▶ [DATA EXTRACT]:
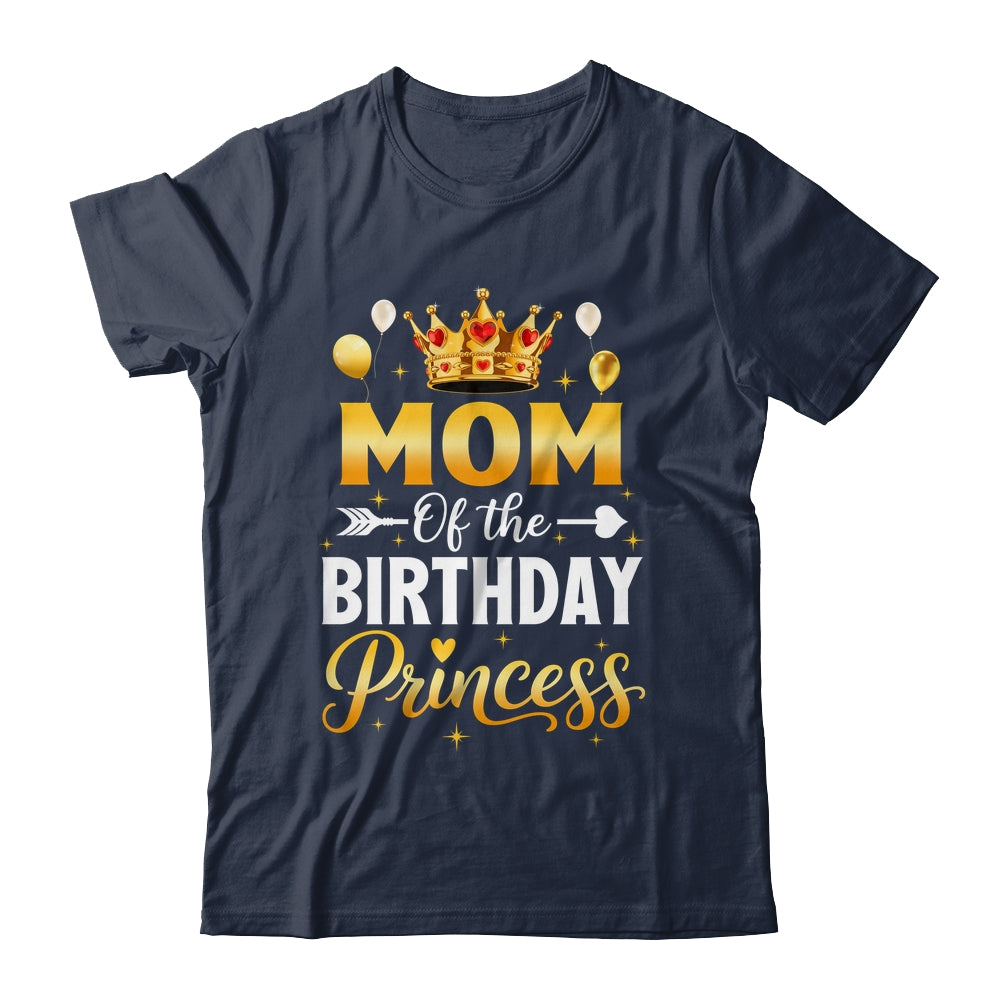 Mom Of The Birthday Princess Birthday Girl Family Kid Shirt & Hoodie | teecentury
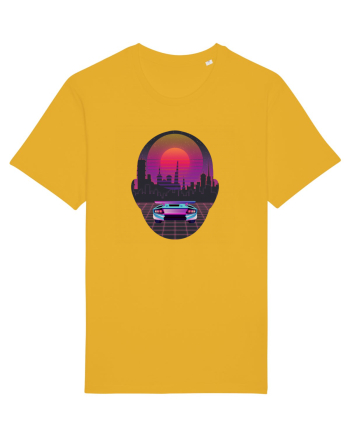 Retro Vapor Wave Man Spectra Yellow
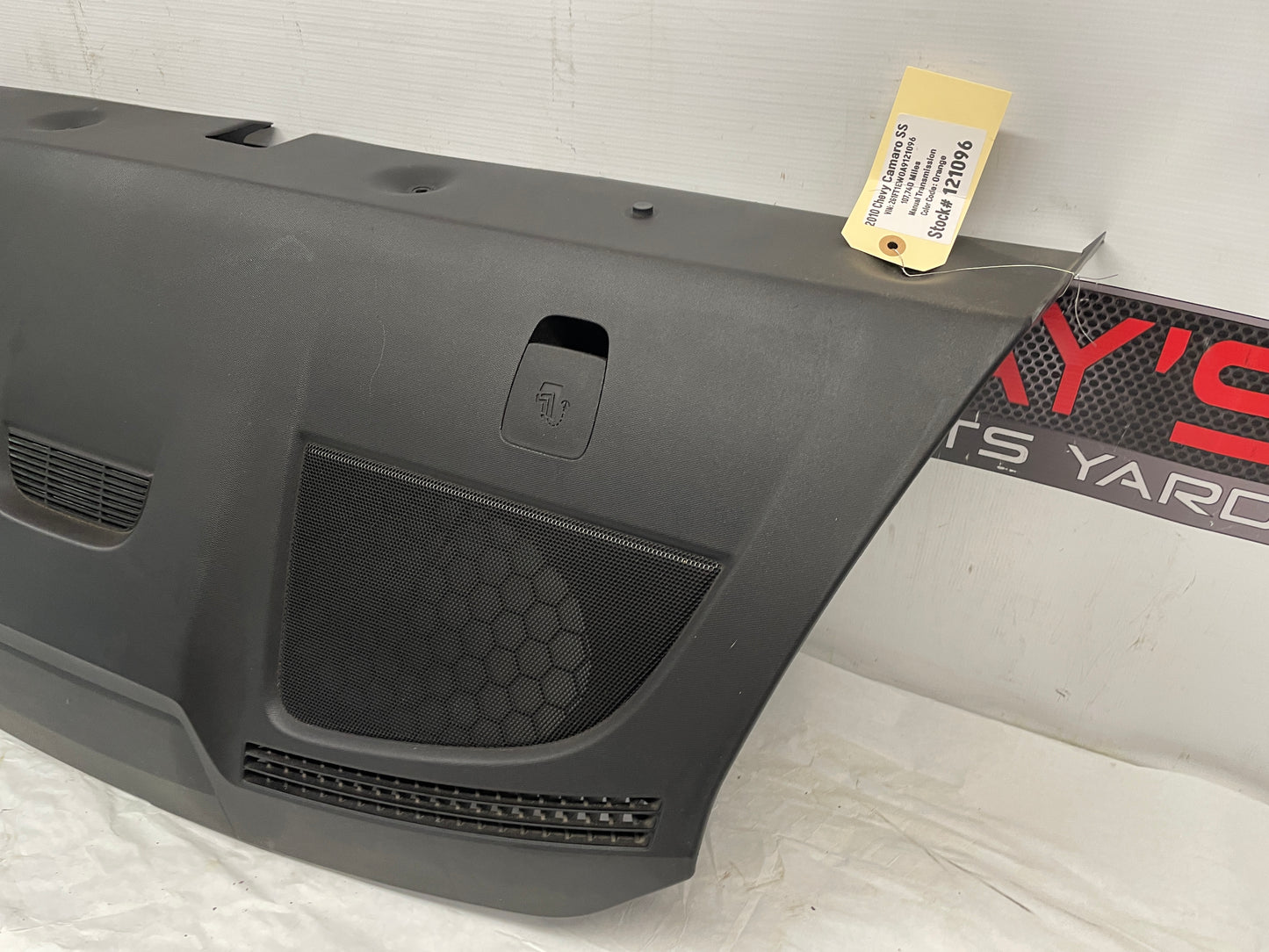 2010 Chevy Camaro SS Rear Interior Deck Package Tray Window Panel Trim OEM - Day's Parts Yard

▶ [YOUR INSTRUCTIONS]:
Restate the listing word for word. Pictures do not belong in the copy.

▶ [RESPONSE TO THE TASK]:
 Mom Of The Birthday Princess Birthday Girl Family Kid Shirt & Hoodie | teecentury
 Retro Vapor Wave Man Spectra Yellow
 2010 Chevy Camaro SS Rear Interior Deck Package Tray Window Panel Trim OEM - Day's Parts Yard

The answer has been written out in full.